Introducing the subject, Thierry Pellet of the Berne Declaration pointed out that the world's 40,000 large dams have so far displaced at least 30 to 60 million people. "Experience shows that the human and environmental costs of such projects are consistently underestimated", Pellet warned. Yves Lador of the Earthjustice Legal Defense Fund maintained that the human rights and environmental problems of large dams are reinforcing each other. "In order to avoid massive violations of human rights, the affected people must be granted access to information and the right to participate in decision-making", Lador stated.
Arundhati Roy, who had visited the project area several times, denounced the serious resettlement problems of the Sardar Sarovar and Maheshwar dams on the Narmada river. "There are simply no land and no resources available for the dam oustees, and the people dispaced so far live in miserable conditions", the writer explained. "It is no coincidence that the majority of the dam-affected people are part of India's Adivasi population, who are marginalized in economic and political decision-making anyway. The 'temples of modern India', as former prime minister Nehru had called them, are thus built at the expense of the poorest social groups and their human rights", Arundhati Roy concluded.
Jharana Jhaveri described the experience of a mass demonstration against the Maheshwar dam in mid-January of this year. Around 1000 peaceful protesters, including Jhaveri and Roy, were arrested and imprisoned near the dam site. Pointing to the determined resistance of the affected population, the film director warned that "the Maheshwar and Sardar Sarovar dams can only be built by using force and violating human rights. This is why we support the call of the Narmada Bachao Andolan (Save the Narmada Movement) to halt further construction of these dams immediately."

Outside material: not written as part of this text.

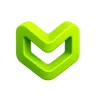 Modelfy 3D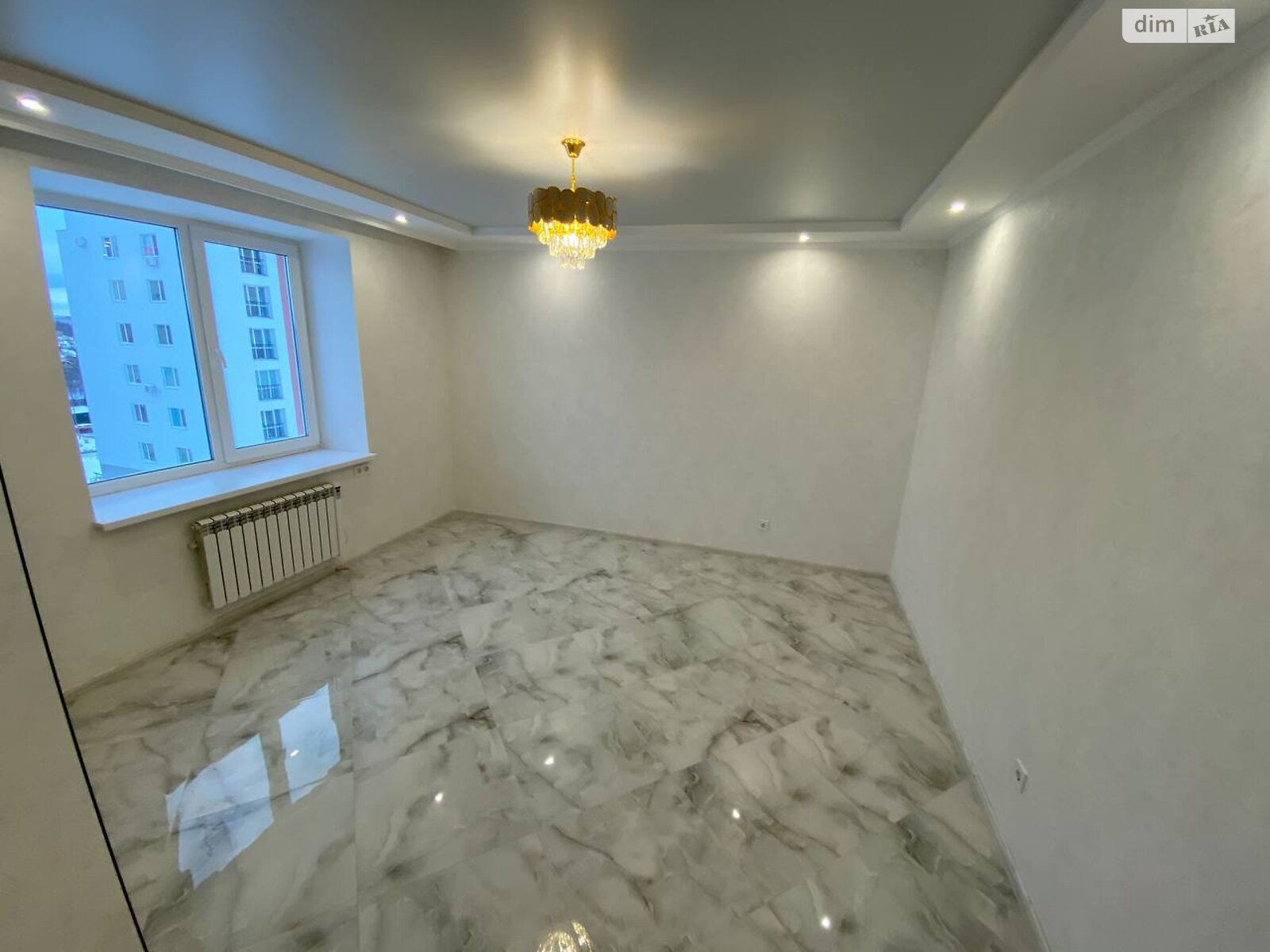 Продаж двокімнатної квартири в Вінниці, на вул. Тимофіївська, район Академічний фото 1 Продаж двокімнатної квартири в Вінниці, на вул. Тимофіївська, район Академічний фото 1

The Narmada project entails the construction of 30 large, 135 medium-sized and 3000 small dams in India's Narmada Valley. More than 100,000 people have already been displaced due to the project, but have not been rehabilitated. If all dams were built, at least another 1 million people would need to be resettled. In 1995, India's Supreme Court ruled that construction of the controversial Sardar Sarovar dam be suspended. The Court allowed the construction of another 5 meters in 1999; a decision on further construction is still pending. Arundhati Roy, author of "The God of Small Things" and winner of the renowned Booker Prize in 1997, became involved in the struggle against the Narmada dams in spring 1999. After visiting the project area, she published a passionate essay on the Narmada experience under the title of "The Greater Common Good". Jharana Jhaveri in 1997 directed and produced the film "Kaise Jeebo Re!" ("How do I survive, my friend?") describing the struggle against the Narmada projects.Arundhati Roy and Jharana Jhaveri are presently visiting Switzerland, and are scheduled to appear at public events in Geneva and Basel. The Swedish-Swiss company ABB is involved in the Maheshwar dam. The Berne Declaration supports the struggle of the Save the Narmada Movement, and is campaigning against foreign funding for the Maheshwar and other Narmada dams.